BGS unlocking data from the underground

Deposit data
The British Geological Survey (BGS) have been actively encouraging the deposit of open data via the Data Deposit Portal for a number of years, through projects like the ASK Network (Accessing Subsurface Knowledge) and more recently through the Dig to Share Project. The Environment Agency (EA) are the latest organisation to request their ground investigation data to be deposited with the BGS as open data.

The Dig to Share Project is a joint project between Atkins, Morgan Sindall and BGS, funded by i3P. The project’s aim is to encourage the deposit of geotechnical data, particularly in AGS form (the standard format for ground investigation data). There is an estimated 80% of site investigation data hidden because it is never deposited in a national repository, and it is estimated that unlocking this data and creating a culture of sharing could save large infrastructure projects millions of pounds. The Dig to Share Project has been investigating the barriers to depositing this untapped data and found the major barriers to this are knowing who owns the data. It seems all too common that depositing data is seen as an afterthought once a project is complete.

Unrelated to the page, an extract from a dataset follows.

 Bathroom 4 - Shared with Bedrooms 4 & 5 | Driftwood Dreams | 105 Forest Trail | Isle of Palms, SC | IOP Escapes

Engaging with organisations like the EA, who instigate ground investigation work, targets the data at source and alleviates the problems identified by the Project. The EA instructs its consultant to deposit the data with the BGS and as part of the contract for the work, the job is in essence is not complete until the data is deposited with the BGS.

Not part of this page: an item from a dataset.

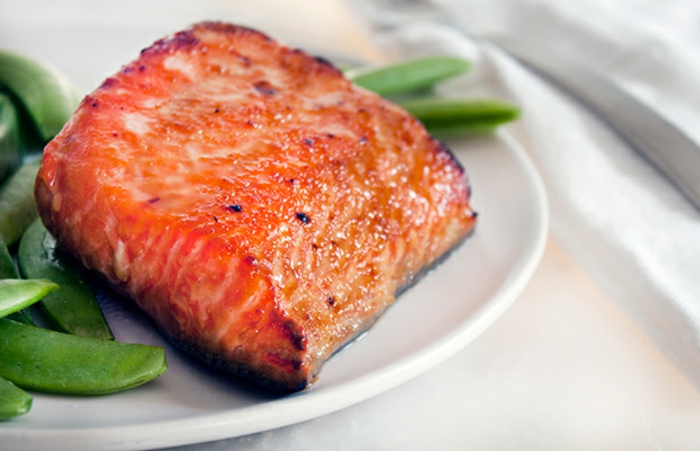 filete de salmón a la plancha con frijoles verdes, ejemplos de recetas faciles y saludables para hacer rápido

The EA has worked with one of their main consultants JACOBS as well as the BGS to enable the sharing and unlocking of thousands of ground investigation reports and borehole records. This has been the result of dialogue between EA/BGS/Jacobs going back to 2008. The Open Government Partnership (2011) has taken time to be realised in the geotechnical industry but this agreement paves the way for other government bodies to release their ground investigation data freely under an Open Government License.